The invention content is as follows:

the invention aims to overcome the defects in the prior art, and develops and designs an on-line filler dispersity detector to realize the effect of detecting the dispersity of fillers on line in real time.

In order to achieve the purpose, the main structure of the on-line detection machine for the dispersion degree of the filler comprises a shunting extrusion mechanism, a conveyor, an on-line detection mechanism and a base; the shunt extrusion mechanism is connected with the conveyor, the conveyor is connected with the online detection mechanism, and the conveyor and the online detection mechanism are respectively arranged on the base of the cabinet structure capable of sliding.

Compared with the prior art, when the rubber compound on-line detection device is used, most of the final rubber compound enters the main runner for the subsequent processing procedure, and a small part of rubber compound enters the sub-runner for the subsequent on-line detection of the dispersity; the device has a simple structure and is suitable for detecting the filler dispersity of the rubber material on a medium or small scale.

Description of the drawings:

fig. 1 is a schematic diagram of the principle of the main structure of the present invention.

FIG. 2 is a schematic diagram of the connection relationship in the use state of the present invention.

Fig. 3 is a schematic structural diagram of a flow dividing extrusion mechanism according to the present invention.

Fig. 4 is a schematic structural diagram of a sprue gate according to the present invention.

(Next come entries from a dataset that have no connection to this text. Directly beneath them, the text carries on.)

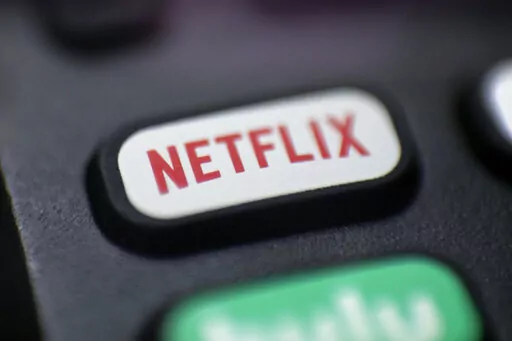 A logo for Netflix is seen on a remote control in Portland, Ore., on Aug. 13, 2020. Netflix will unveil the first version of its video streaming service with ads in November 2022, giving cost-conscious viewers a chance to watch most of its shows at a steep discount in exchange for putting up with commercial interruptions. (AP Photo/Jenny Kane, File)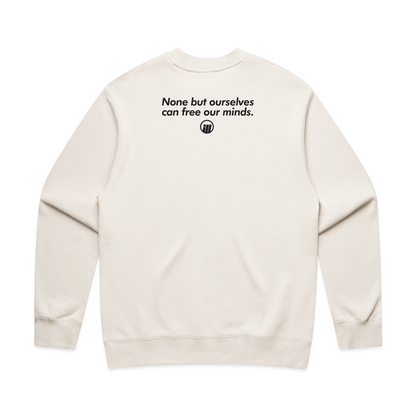 Cream-colored crewneck sweatshirt featuring a bold black logo and the phrase "None but ourselves can free our minds" printed on the back.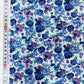 Popelina estampada floral en tonos azules y morados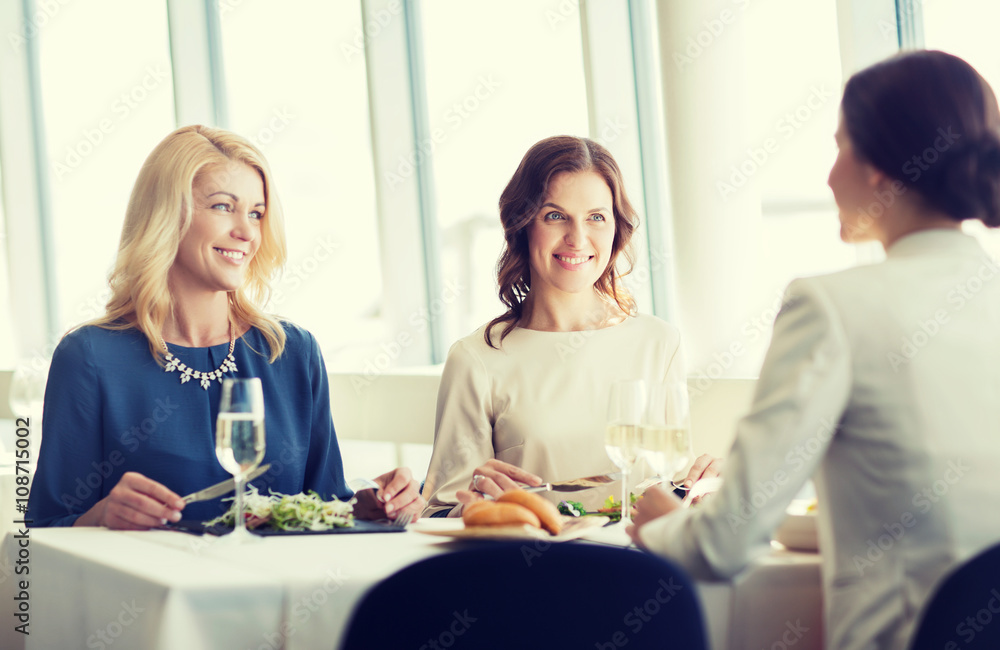 happy women eating and talking at restaurant happy women eating and talking at restaurant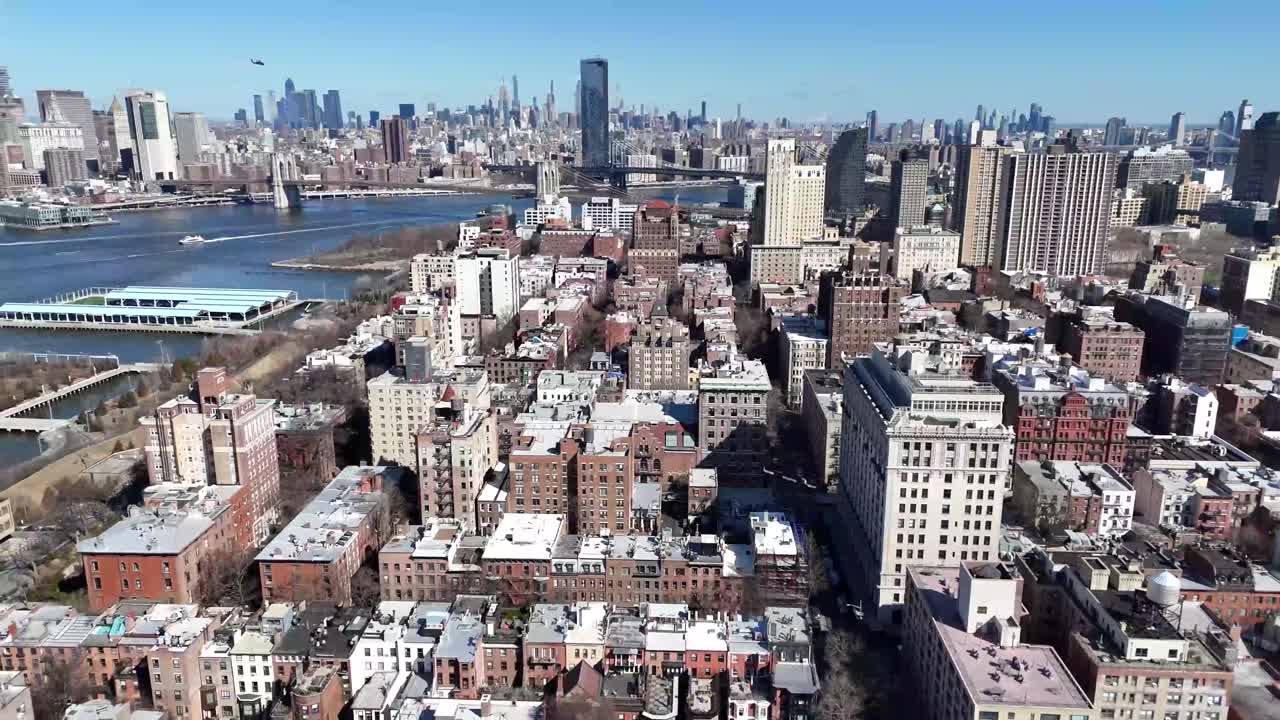 Horizontal drone side-tracking shot over Remsen Street in Brooklyn, showcasing the city's vibrant streets, historic buildings, and dynamic urban landscape with smooth lateral aerial movement.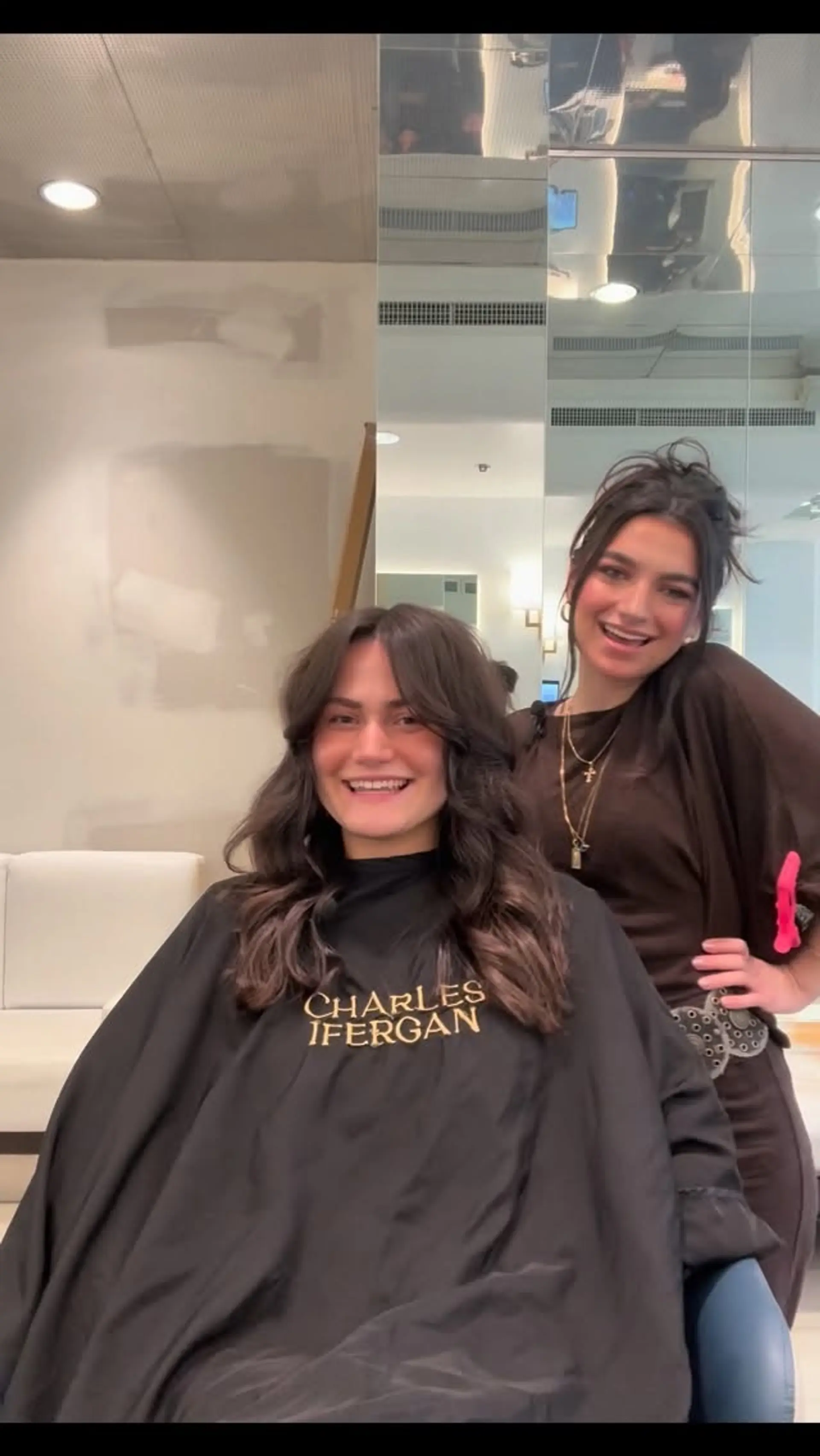 Medium-length dark brunette hair cut with soft face-framing layers and curtain bangs, styled into voluminous, loose waves. 1
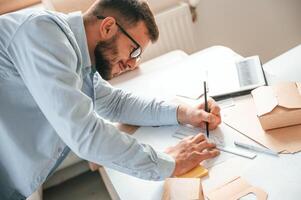 Doing measurements and drawing new design. Print house worker in white clothes is indoors photo
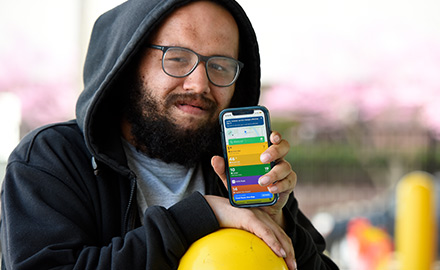 A man looking directly at the camera, holding his phone with Transit app open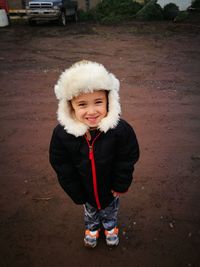 Portrait of smiling girl standing outdoors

Fig. 5 is a schematic view of the detection principle of the online detection mechanism according to the present invention.

The specific implementation mode is as follows:

the invention is further described by way of example with reference to the accompanying drawings.

Example 1:

the main structure of the filler dispersity on-line detector related to the embodiment comprises a shunting extrusion mechanism 1, a conveyor 2, an on-line detection mechanism 3 and a base 4; the shunting extrusion mechanism 1 is connected with a conveyor 2, the conveyor 2 is connected with an online detection mechanism 3, and the conveyor 2 and the online detection mechanism 3 are respectively arranged on a base 4 of a cabinet structure capable of sliding.

The main structure of the shunting extrusion mechanism 1 related to the embodiment comprises a machine head 10, a main flow passage 11, a flange 12, a shunting passage 13, a clamping block 14 and a flow valve 15; the machine head 10 is provided with a main flow passage 11, one end of the main flow passage 11 is provided with a flange 12, a branch flow passage 13 is arranged in the direction perpendicular to the main flow passage 11 of the machine head 10, a clamping block 14 is arranged in the branch flow passage 13, and the top of the machine head 10 is provided with a flow valve 15.

The conveyor 2 according to the present embodiment is provided with a plurality of positioning pins 20.

The main structure of the online detection mechanism 3 related to the present embodiment includes a support 30, a conveyor 31, a support plate 32, a linear light source 33, a linear scanning camera 34, a display control terminal 35, an audible and visual alarm lamp 36, a light source controller 37, an encoder 38 and a computer 39; a conveyor 31 is arranged in a support 30, the support 30 is connected with a support plate 32, a line light source 33 and a line scanning camera 34 are arranged on the side portion of the support plate 32, a display control terminal 35 and a sound and light alarm lamp 36 are arranged on the top portion of the support plate 32, a light source controller 37 arranged in a base 4 is connected with the line light source 33, an encoder 38 arranged in the base 4 is connected with the line scanning camera 34, and a computer 39 arranged in the base 4 is electrically connected with the line scanning camera 34, the display control terminal 35, the sound and light alarm lamp 36 and the light source controller 37 respectively.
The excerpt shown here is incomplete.